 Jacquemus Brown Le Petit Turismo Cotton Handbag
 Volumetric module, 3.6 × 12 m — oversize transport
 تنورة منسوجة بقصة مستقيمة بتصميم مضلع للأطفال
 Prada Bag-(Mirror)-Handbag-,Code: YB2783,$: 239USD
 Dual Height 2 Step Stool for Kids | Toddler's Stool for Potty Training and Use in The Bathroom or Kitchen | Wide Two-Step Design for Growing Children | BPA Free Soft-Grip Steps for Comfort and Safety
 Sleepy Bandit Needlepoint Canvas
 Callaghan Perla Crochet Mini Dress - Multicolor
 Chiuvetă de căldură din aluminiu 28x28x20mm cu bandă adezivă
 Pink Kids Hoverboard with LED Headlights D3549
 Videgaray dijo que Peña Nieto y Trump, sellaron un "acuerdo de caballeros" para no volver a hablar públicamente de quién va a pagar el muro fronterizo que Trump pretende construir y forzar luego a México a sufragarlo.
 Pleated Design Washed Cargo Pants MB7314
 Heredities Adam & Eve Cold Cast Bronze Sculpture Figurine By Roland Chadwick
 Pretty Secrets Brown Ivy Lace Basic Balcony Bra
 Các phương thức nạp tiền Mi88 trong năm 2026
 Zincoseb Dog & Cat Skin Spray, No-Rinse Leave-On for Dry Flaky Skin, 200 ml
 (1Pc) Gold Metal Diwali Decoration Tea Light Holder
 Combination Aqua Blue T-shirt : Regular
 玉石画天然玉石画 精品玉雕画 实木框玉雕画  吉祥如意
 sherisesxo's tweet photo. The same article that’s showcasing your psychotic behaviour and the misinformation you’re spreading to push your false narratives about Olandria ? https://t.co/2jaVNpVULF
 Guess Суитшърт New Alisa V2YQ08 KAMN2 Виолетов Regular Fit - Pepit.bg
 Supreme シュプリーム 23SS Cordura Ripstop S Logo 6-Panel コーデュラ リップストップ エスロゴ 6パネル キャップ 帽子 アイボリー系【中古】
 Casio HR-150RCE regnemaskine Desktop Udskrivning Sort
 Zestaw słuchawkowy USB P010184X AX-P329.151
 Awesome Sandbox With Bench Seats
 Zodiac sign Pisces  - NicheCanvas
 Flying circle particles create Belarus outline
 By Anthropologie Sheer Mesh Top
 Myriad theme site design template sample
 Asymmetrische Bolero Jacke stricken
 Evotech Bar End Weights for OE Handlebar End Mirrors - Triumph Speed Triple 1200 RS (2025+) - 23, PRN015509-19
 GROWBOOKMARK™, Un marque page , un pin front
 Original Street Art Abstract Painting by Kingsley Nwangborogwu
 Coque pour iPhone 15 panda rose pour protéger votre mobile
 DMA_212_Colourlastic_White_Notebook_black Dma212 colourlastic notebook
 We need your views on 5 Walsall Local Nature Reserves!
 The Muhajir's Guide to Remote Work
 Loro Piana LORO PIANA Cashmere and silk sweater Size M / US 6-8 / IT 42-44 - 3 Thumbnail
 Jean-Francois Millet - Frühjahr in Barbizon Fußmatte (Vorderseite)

▸ **EXERCISE**
Using the listing above, return all lines where the word "Kids" occurs.

▸ **WRITTEN RESPONSE**
 Dual Height 2 Step Stool for Kids | Toddler's Stool for Potty Training and Use in The Bathroom or Kitchen | Wide Two-Step Design for Growing Children | BPA Free Soft-Grip Steps for Comfort and Safety
 Pink Kids Hoverboard with LED Headlights D3549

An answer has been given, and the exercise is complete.